MTU stands for maximum transmission unit, ie. the IP datagram size limit (in bytes). Default and maximum MTU allowed by Ethernet is 1500.

Let's imagine we have a network like the one below. C is a client; S is a server; X and Y are routers.

 ___          ___          ___          ___
| C |        | X |        | Y |        | S |
|___|========|___|--------|___|========|___|

There are four networks between C and S. Three of them have max MTU of 1500 and one has lower MTU of 1200 (just an example). The low MTU network is marked with dashes.

C tries Path MTU Discovery on the path to S. It sends an IP datagram with 20 B header and 1480 B payload, 1500 B in total. The Don't fragment (DF) flag is set in IP header.

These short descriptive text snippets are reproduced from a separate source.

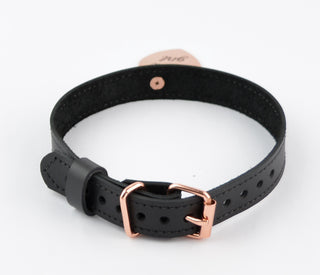 Black Leather Collar with Custom Engraved Rose Gold Love Heart Pendant – 'Good Girl'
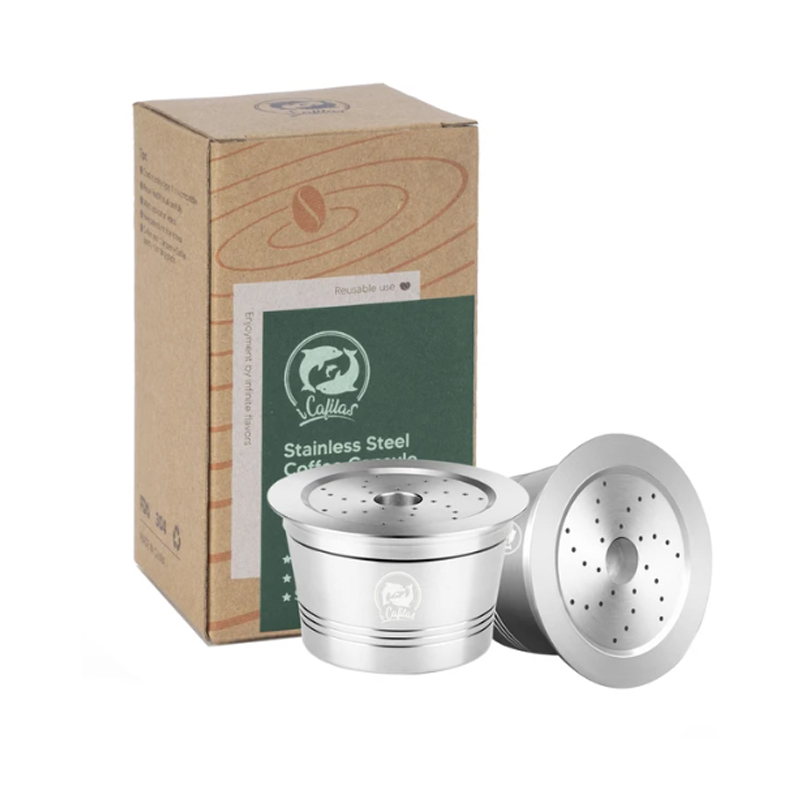 Reusable Coffee Filter Capsule for Caffitaly S21 Machine Refillable Plastic Stainless Steel Coffee Pods Fit 3 Corações Cafeteira: plum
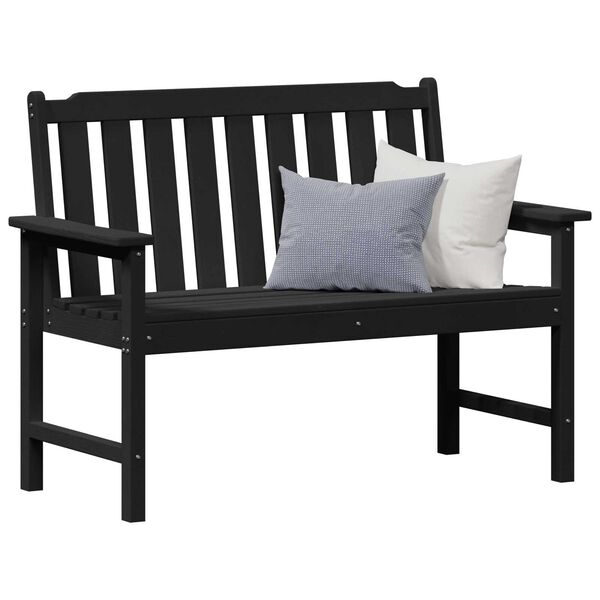 vidaXL Garden Bench Black 120 cm HDPE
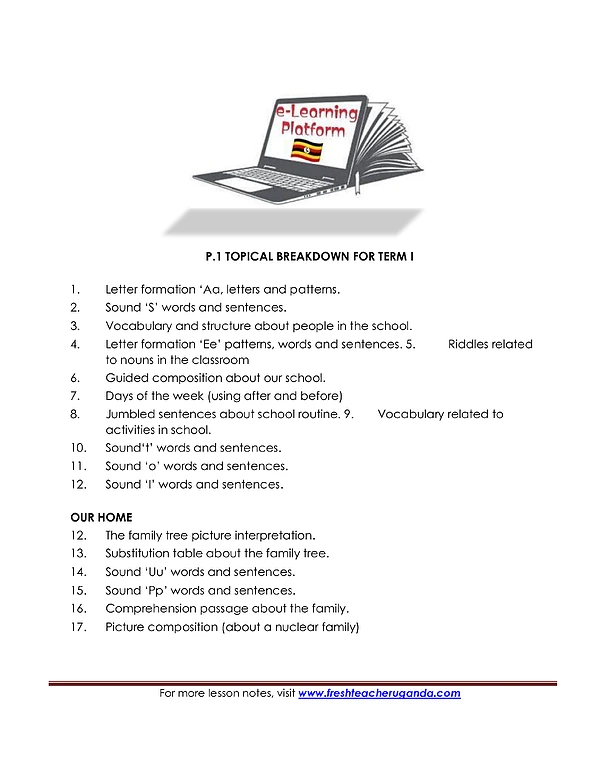 p.1 literacy all terms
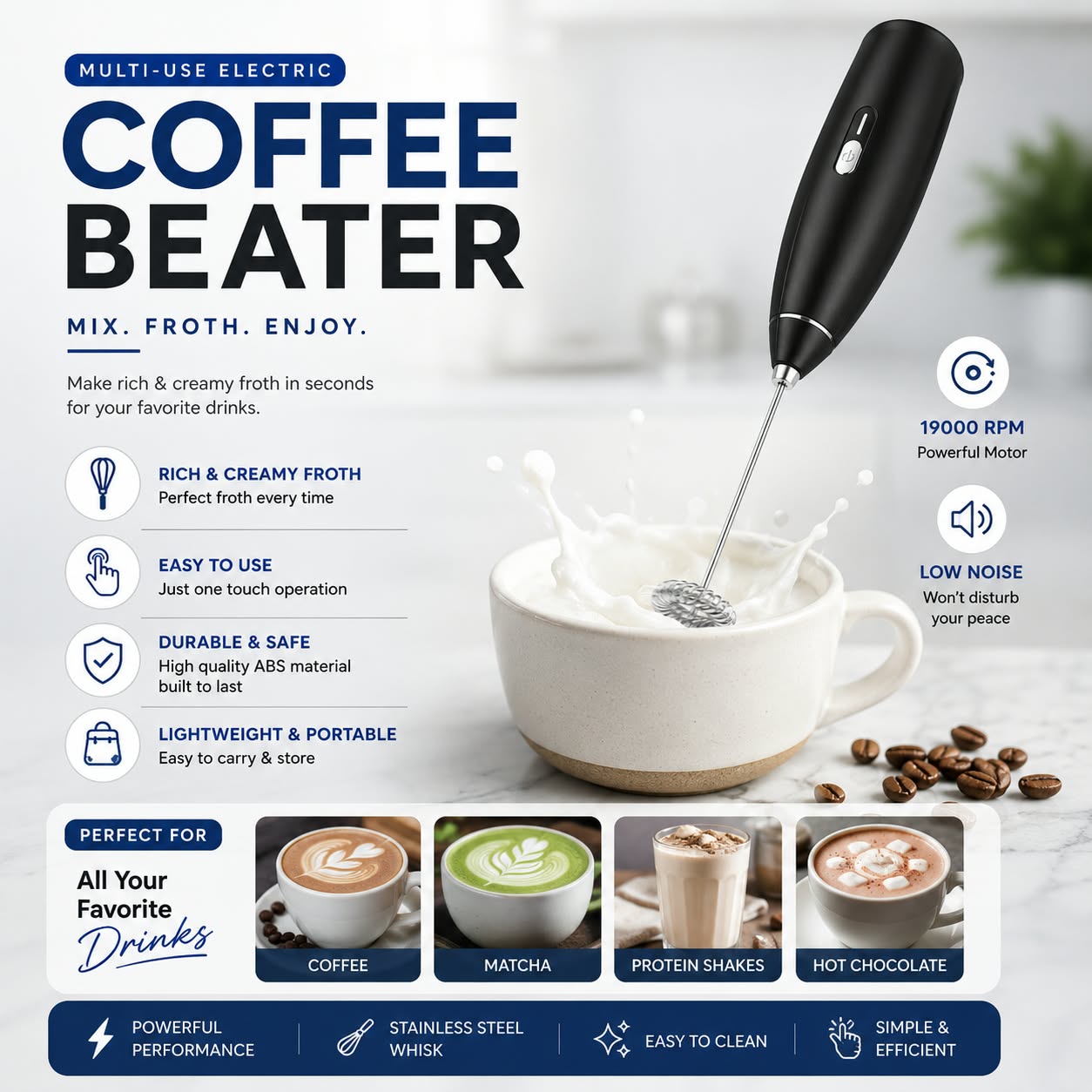 Multi-Use Electric Coffee Beater ABS Plastic Multicolor.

The datagram reaches X. X tries to pass it further to Y, but Y responds with Fragmentation needed ICMP message because its MTU is too low and the DF flag is set. C receives that message and learns that path MTU is lower than 1500. It then tries again with smaller payload, each time receiving Fragmentation needed, until payload size reaches 1180 B. 1180 + 20 = 1200, so the datagram finally reaches S successfully and path MTU is discovered.

PMTUD works only if Y replies with Fragmentation needed ICMP messages. Otherwise C won't know that the datagram was dropped.

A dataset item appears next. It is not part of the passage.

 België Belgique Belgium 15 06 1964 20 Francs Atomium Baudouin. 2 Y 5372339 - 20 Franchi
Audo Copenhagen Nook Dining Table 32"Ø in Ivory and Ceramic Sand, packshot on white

Your router sends proper ICMP messages, everything works as intended, there's no reason for Internet to be broken for you because of lower MTU.

What happens if PMTUD doesn't work? (eg. because of ICMP blocked in either direction)

Neither end of the connection actually has to know path MTU. IP protocol can handle that. It may be sub-optimal, but it will work.

IP is capable of transmitting a payload of any size, no matter what the path MTU is. This property is enforced by the OSI model: IP works in layer 3. Layer 4 shouldn't have to care about the underlying protocol, so no size limit can be placed on the payload.

Basic IP header is 20 bytes long. Included in this header are two interesting flags: Don't fragment (DF) and More fragments (MF), and also the Fragment offset field (FO). I have already mentioned 20 B header size and the DF flag before. (I'm talking about IPv4 header, IPv6 is different)

IP is capable of splitting a big payload into fragments and reassembling it at the destination.

Let's say we want to transmit a 5000 B payload from C to D which are both in the same network (ie. connected through a switch or hub). MTU of C and D's NICs is 1500. Each fragment's header is 20 B long, so max data size for a single datagram is 1480 B (1500 - 20). The payload will be sent in 4 datagrams: (MF - More fragments, FO - Fragment offset)

1. Bytes 1-1480, MF: 1, FO: 0
2. Bytes 1481-2560, MF: 1, FO: 1480
3. Bytes 2561-4440, MF: 1, FO: 2560
4. Bytes 4441-5000, MF: 0, FO: 4440

The DF flag doesn't matter in this case. MF is 0 for the last fragment, 1 otherwise. FO is the offset of the first byte in a fragment (offsets are indexed starting with 0). These datagrams will be automatically reassembled on target NIC.

Now C wants to send a 5000 B payload to S. Let's assume it magically knows path MTU (or C's NIC is configured with MTU=1200, so C sends 1200 B datagrams). It will fragment the payload like this:

1. Bytes 1-1180, MF: 1, FO: 0
2. Bytes 1181-2360, MF: 1, FO: 1180
3. Bytes 2361-3540, MF: 1, FO: 2360
4. Bytes 3541-4720, MF: 1, FO: 3540
5. Bytes 4721-5000, MF: 0, FO: 4720

This is the most optimal fragmentation of the payload.

If C doesn't know and cannot determine path MTU, it must rely on intermediate nodes to fragment the payload correctly. C has MTU=1500, so it sends 4 datagrams as shown in the C→D example above. However, those datagrams will have to be fragmented again to be transmitted through the X—Y connection. Each of the datagrams received by Y has to be at most 1200 B long, so 1500 B-long datagrams will be split into two: 1200 B and 320 B (20 B extra for second header). This fragmentation results in 7 datagrams (and thus 7 headers) being transmitted from X to S instead of optimal 5:

1. Bytes 1-1180, MF: 1, FO: 0
2. Bytes 1181-1480, MF: 1, FO: 1180
3. Bytes 1481-2260, MF: 1, FO: 1480
4. Bytes 2261-2560, MF: 1, FO: 2260
5. Bytes 2561-4140, MF: 1, FO: 2560
6. Bytes 4141-4440, MF: 1, FO: 4140
7. Bytes 4441-5000, MF: 0, FO: 4440

Note that this time fragments aren't equal. Datagrams aren't recombined and fragmented again optimally in intermediate nodes, only fragmentation is performed.

In practice intermediate routers may be configured to deny performing fragmentation themselves and require transmission endpoints to use optimal MTU, so intermediate node fragmentation shouldn't be relied upon. PMTUD is preferred.